Your objective »
There are pictures in the records below; leave them out and set down exactly the lines from the one holding "Anti-phospho-Coagulation Factor III" through the one holding "Nucleic acid test".

Task input »
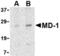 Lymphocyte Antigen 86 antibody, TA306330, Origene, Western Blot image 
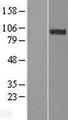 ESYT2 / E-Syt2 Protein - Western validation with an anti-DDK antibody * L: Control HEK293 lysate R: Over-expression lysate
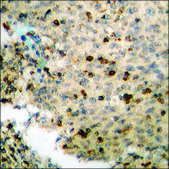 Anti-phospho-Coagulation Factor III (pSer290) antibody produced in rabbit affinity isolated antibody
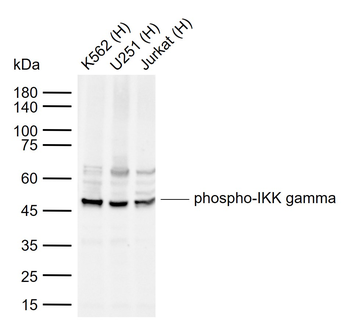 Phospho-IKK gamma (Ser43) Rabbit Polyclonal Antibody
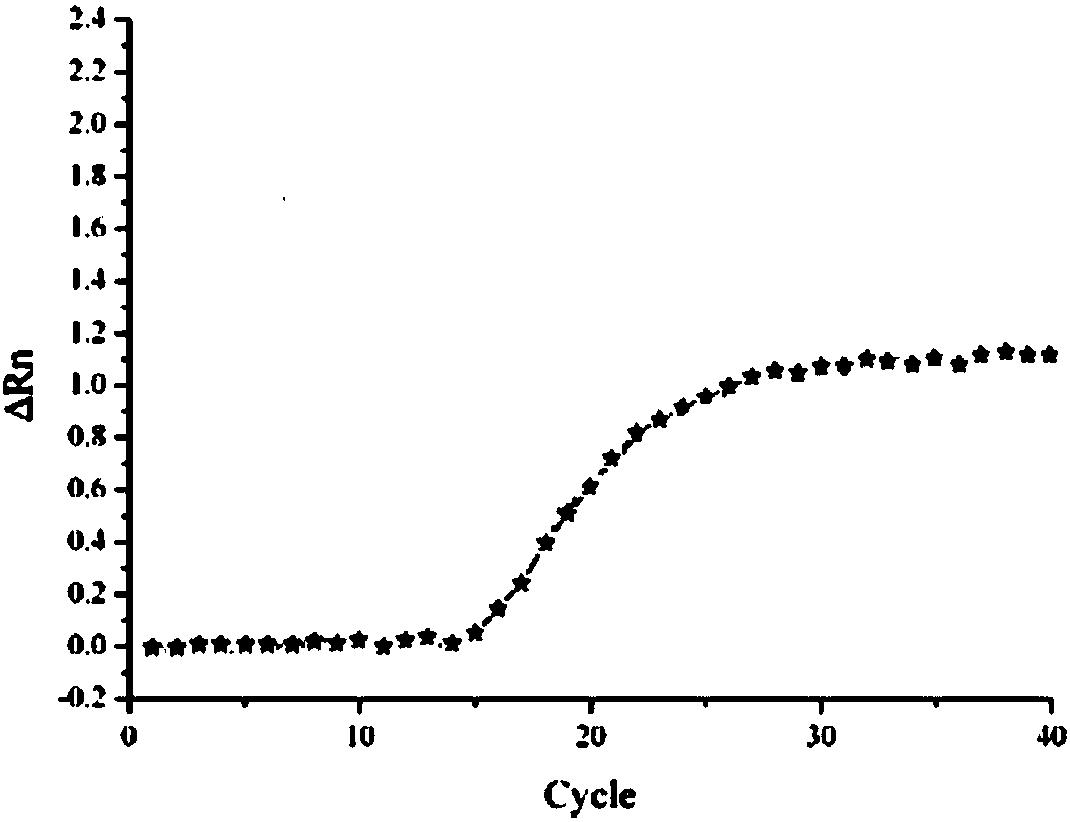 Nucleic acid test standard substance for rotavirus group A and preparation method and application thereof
--
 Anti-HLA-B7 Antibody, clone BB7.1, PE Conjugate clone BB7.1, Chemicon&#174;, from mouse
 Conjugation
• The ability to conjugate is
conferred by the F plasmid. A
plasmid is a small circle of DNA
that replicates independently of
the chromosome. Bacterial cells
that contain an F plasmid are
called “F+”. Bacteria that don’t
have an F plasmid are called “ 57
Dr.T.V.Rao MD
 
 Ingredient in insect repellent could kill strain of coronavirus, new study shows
==
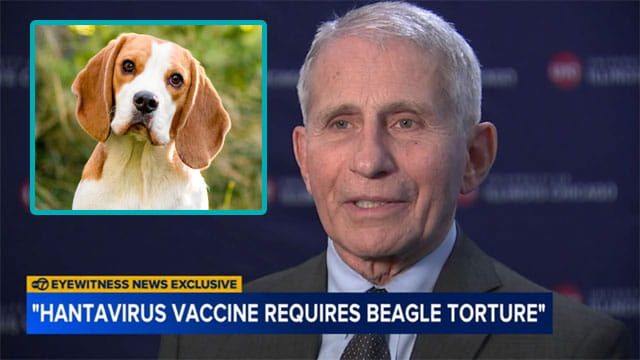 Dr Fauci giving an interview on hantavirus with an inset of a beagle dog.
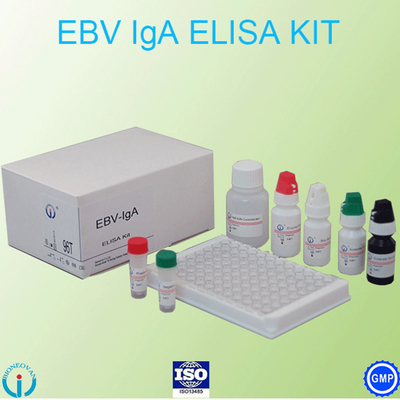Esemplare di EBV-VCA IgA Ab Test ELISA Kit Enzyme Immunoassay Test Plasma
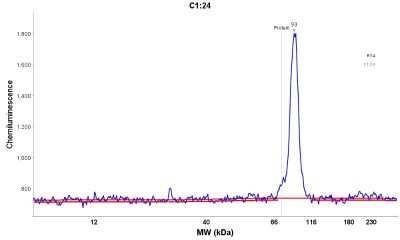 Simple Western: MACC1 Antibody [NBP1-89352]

Your solution »
 Anti-phospho-Coagulation Factor III (pSer290) antibody produced in rabbit affinity isolated antibody
 Phospho-IKK gamma (Ser43) Rabbit Polyclonal Antibody
 Nucleic acid test standard substance for rotavirus group A and preparation method and application thereof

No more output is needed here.